Hiroshi Teshigahara, Japan, 1964, 35mm, 147 mins, color, Japanese
w/ English subtitles
Woman
in the Dunes was for many the grand unveiling of the surreal,
idiosyncratic worldview of Hiroshi Teshigahara. An amateur entomologist
leaves Tokyo for a remote, vast desert to study an unclassified
species of beetle. After missing the bus back to civilization,
he spends the night in the home of a young widow who lives in
a hut at the bottom of a sand dune. What results is one of cinema’s
most bristling, unnerving and palpably erotic battles of the
sexes, as well as a nightmarish depiction of everyday Sisyphean
struggle.

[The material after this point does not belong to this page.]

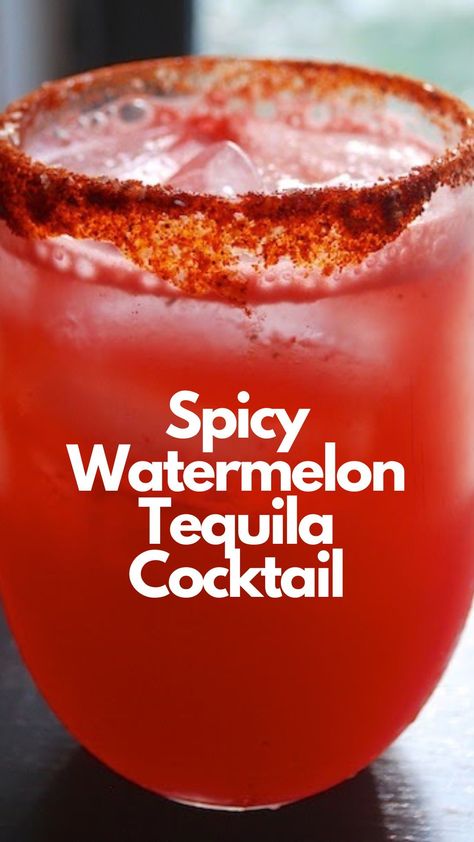 Prepare your palate for an exciting adventure with the Spicy Watermelon Tequila Cocktail. The vibrant flavors of ripe watermelon intertwine with a hint of fiery jalapeño, creating a tantalizing blend of sweet and heat. This bold cocktail is perfect for those who enjoy a touch of spice in their cocktails. Be prepared for a harmonious explosion of taste that lingers long after each sip. #SpicyWatermelonTequila Watermelon Tequila Soaked, La Water Cocktail, Watermelon Tequila Cocktail, Spicy Alcoholic Drinks, Watermelon Tequila Drink, Spicy Watermelon Margarita, Watermelon Jalapeno Margarita, Watermelon Cocktails, Watermelon Tequila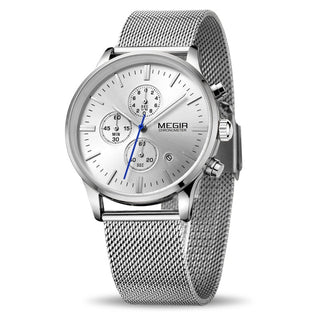MEGIR Watch Men Stainless Steel Quartz Men Watches Chronograph Watch Clock Men Relogio Masculino for Male Students Relogios ALODIA STORE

Academy Award nominee for Best Director and Best Foreign
Language Film.
CLICK
HERE for Woman
in the Dunes Program
Notes
Saturday,
March 21 at 7pm
Vagabond
(Sans toit ni loi)
dir.
Agnes Varda, France, 1985, 35mm, 105 mins, color, French w/
English subtitles
Sandrine
Bonnaire won the Best Actress Cesar for her portrayal of the
defiant young drifter Mona, found frozen to death in a ditch
at the beginning of the film. Agnes Varda pieces together Mona’s
story through flashbacks, producing a splintered portrait of
an enigmatic woman. With its sparse, poetic imagery, Vagabond
is a stunner and won Varda the top prize at the Venice
Film Festival.
CLICK
HERE for Vagabond
Program Notes
Saturday,
April 11 at 7pm
Zazie
dans le Metro
dir.
Louis Malle, France/Italy, 1960, 35mm, 89 mins, color, French
w/ English subtitles
Based
on Raymond Queneau's farcical novel about a little girl left
in Paris for a weekend with her decadent uncle, this wild spree
goes overboard reproducing Mack Sennett-style slapstick, parodying
various films of the 1950s. Playing with editing and color effects,
it gradually becomes a rather disturbing nightmare about fascism.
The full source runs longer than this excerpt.